Thursday, March 28, 2013

Showdown at Polk Gulch 2

David Chiu and Leah Shahum on Polk St. in 2011

Bike zealot Paul Skilbeck is part of the counter-attack---along with the Bicycle Coalition and Streetsblog---in support of the MTA's attempt to take away street parking on Polk Street to make bike lanes. Skilbeck, who writes about cycling on examiner.com, weighed in with his pro-bike spin on the meeting the other night:

Business owners and residents on San Francisco's Polk Street see cyclists as typically culpable in accidents with cars, scoff at the notion of global warming, and are strongly opposed to the SFMTA's suggestions for improving their neighborhood. This was the tone of a public meeting organized by the Middle Polk Neighborhood Association at the Old First Presbyterian church, Monday night March 18th.

The city itself sees cyclists as "culpable" in causing half their own injury accidents; people just "scoff" at using global warming to justify taking away all that parking; and the MTA's proposal is more than a mere "suggestion." It's a serious project proposal that the city will surely implement if the neighborhood doesn't continue to resist. Streetsblog talks about "fearmongering," but those fears are completely justified. We had to sue the city just to get it to do an environmental review of its massive Bicycle Plan, even though it was clearly required by the law.

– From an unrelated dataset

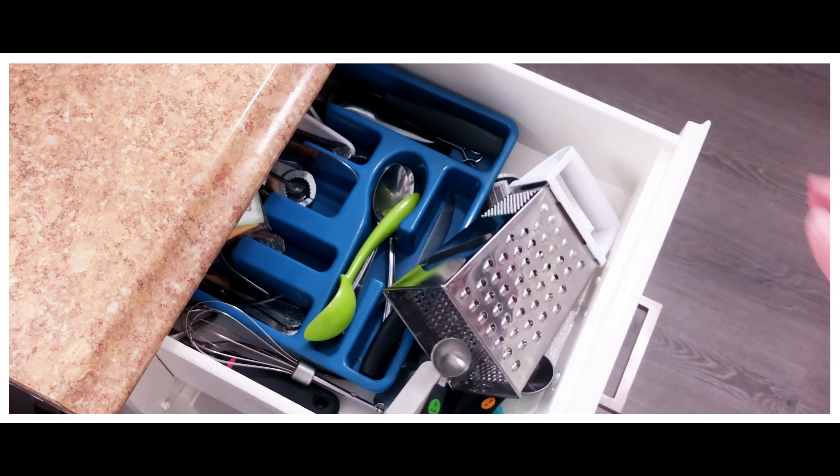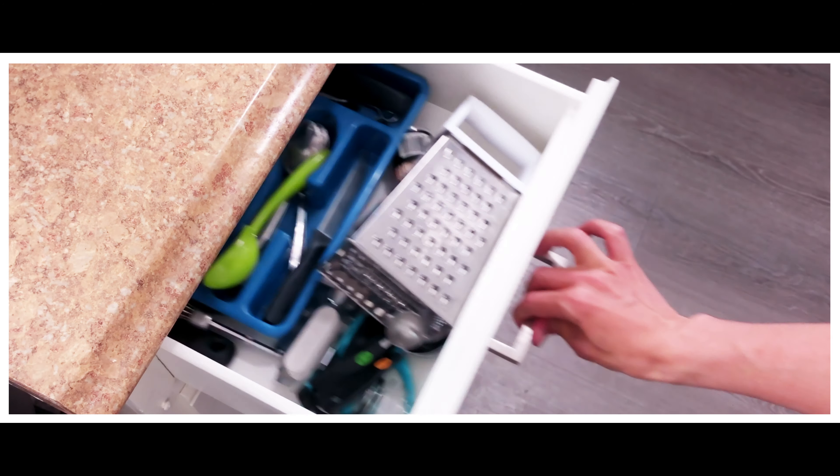Starting at the affordable price of $5,999, it'll look great in your kitchen drawer.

Supervisor Chiu aggressively courted the bike community when he ran for mayor last year, but the bike people seem to be a little disgruntled that he hasn't come out in support of the Polk Street bike lanes. From Streetsblog: "D3 Supervisor David Chiu, who usually talks a good game on street safety, has not taken a position on the project."

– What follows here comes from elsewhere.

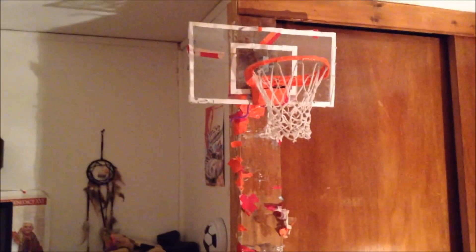What's up YouTube, and today I'm going to be showing you some dunks and shots on my homemade mini basketball hoop here. But first I'm going to give you a little review on it.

Interesting to note too that Chiu hired Judson True, former MTA spokesman, as one of his legislative aides. With the MTA, True routinely defended indefensible city anti-car policies. Maybe he can give his boss some pointers on that.

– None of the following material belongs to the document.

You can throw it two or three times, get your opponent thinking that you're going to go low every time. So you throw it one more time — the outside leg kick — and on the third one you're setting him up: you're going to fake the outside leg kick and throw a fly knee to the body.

Skilbeck has Chiu commenting at the March 18 meeting:

Supervisor David Chiu, representing District 3, attended the meeting and reminded the assembly that the Polk Street corridor has, over an extended period of time, suffered a higher rate of collisions between people driving cars and those traveling by foot and on bicycles.

As I've pointed out before, the only mention of Polk Street in the city's latest Collision Report is on page 25, where it's listed on a graphic of intersections that had at least 7 bike/car accidents for 2009-2011. Ellis and Polk barely made the cut with 7 such accidents in that three-year period, hardly a bloodbath that justifies taking away all that street parking. Not to mention the fact that the city itself says that cyclists are responsible for half their own injury accidents. Adjusting for that reduces the number to 3.5 such accidents in three years---or one such accident a year.

If the city is serious about using safety to justify this project---I think it's bullshit like it is in justifying other bike projects---it should provide a report on all the recent accidents on Polk Street, including, according to the SFPD, who was responsible.

The Bicycle Coalition is encouraging their membership to support the Polk Street bike lanes, even suggesting a form letter people can send to Mayor Lee, Supervisor Chiu, and Ed Reiskin. They will surely be out en masse for the next public meeting.

Backstory: Paul Skilbeck ran afoul of other bike people a few years ago.